Pour en revenir au cinéma, à la mise en scène, et aux stratégies ludiques d’appropriation (l’artiste titre régulièrement ses expositions par des titres de films), on pourrait dire de ces œuvres, en dépit de leurs lignes blanches posées de manière anarchique, qu’elles sont des Macadam à deux-voies [2], des routes à double-sens où il est possible de se croiser mais aussi de conduire côte à côte pour faire la course puis gagner, perdre ou disparaître. A l’instar des peintures de Fredrik Værslev qui ne représentent que ce qu’elles sont, le titre du film de Monte Hellman annonce d’un côté le sujet du film, la redondance du paysage et de cette vision quasi-continue de la route. Et de l’autre côté, “Macadam à deux voies” c’est aussi l’expression qui synthétise toute la banalité (mais assumée et célébrée) du motif et par analogie des motifs des peintures de Fredrik Værslev. De cette étrange idée de vacuité se dégage une poésie à la fois nihiliste et pleine de promesses, une oscillation perpétuelle, subtilement orchestrée, entre vide et plénitude.

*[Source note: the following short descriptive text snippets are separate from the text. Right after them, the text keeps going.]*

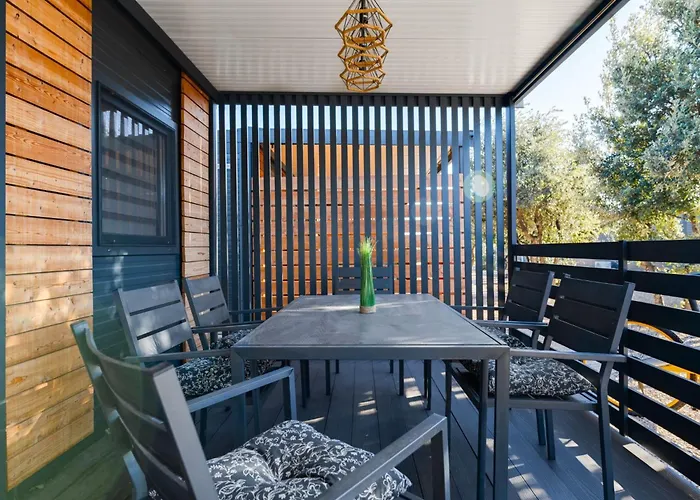 Delux Eco By Interhome *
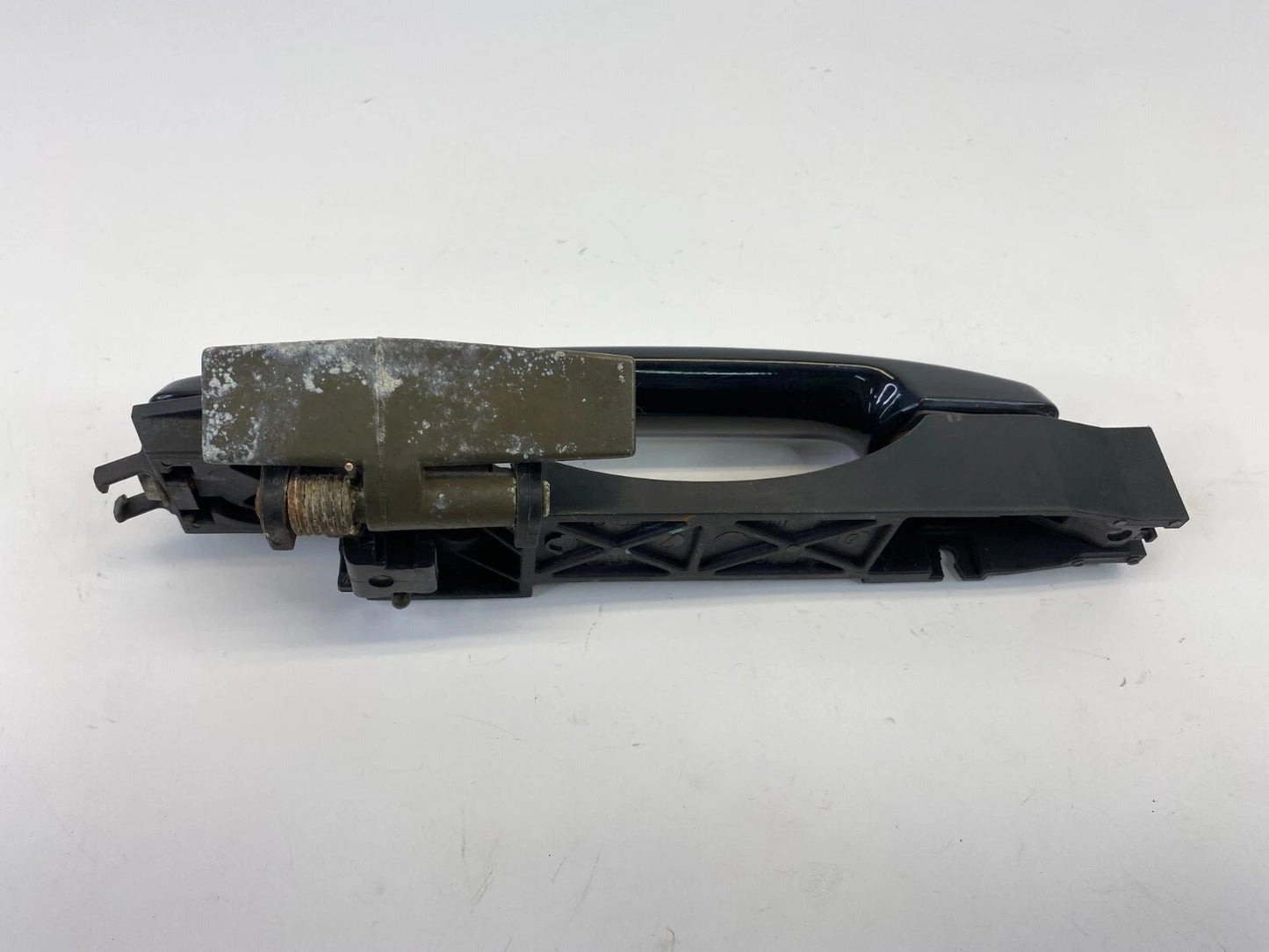 2004-2008 NISSAN MAXIMA REAR RIGHT SIDE EXTERIOR OUTSIDE DOOR HANDLE OEM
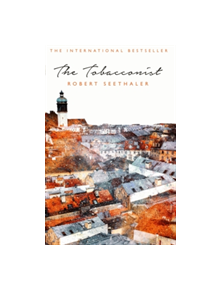 The Tobacconist - 9781509806591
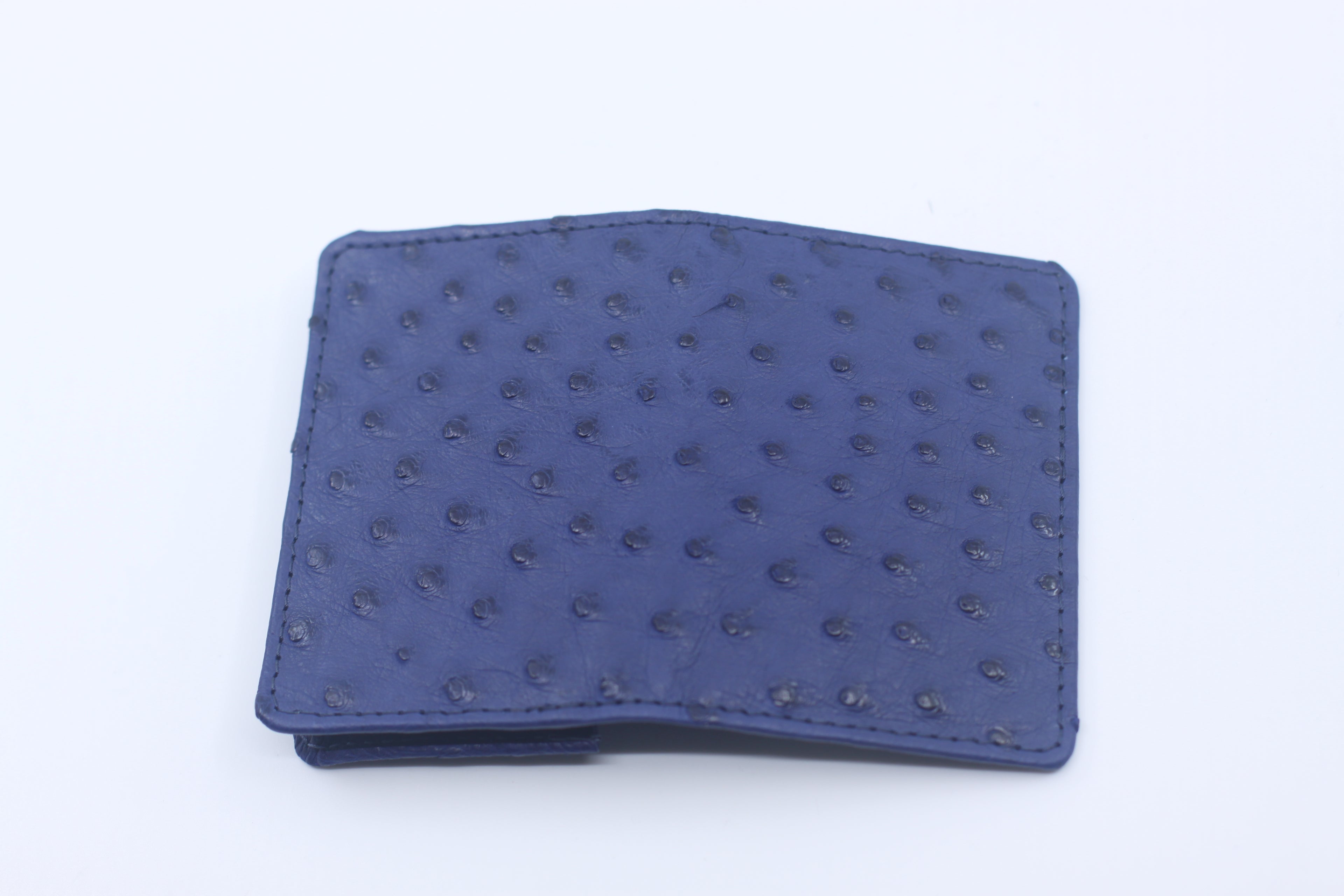 Ostrich Cardholder image 8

Commissaire associée : Caroline Soyez-Petithomme
Publication aux éditions Mousse Publishing
en collaboration avec Museo Marino Marini – Florence, Standard – Oslo, Andrews Kreps – New York & Gio Marconi – Milan.
[1] Hubert Damisch, “Remarks on Abstraction”, traduit du français par Rosalind Krauss, in October, n°127, Winter 2009, Massachusetts Institute of Technology Press, p136.
[2] Two-Lane Blacktop titre, en anglais, film de Monte Hellman de 1971.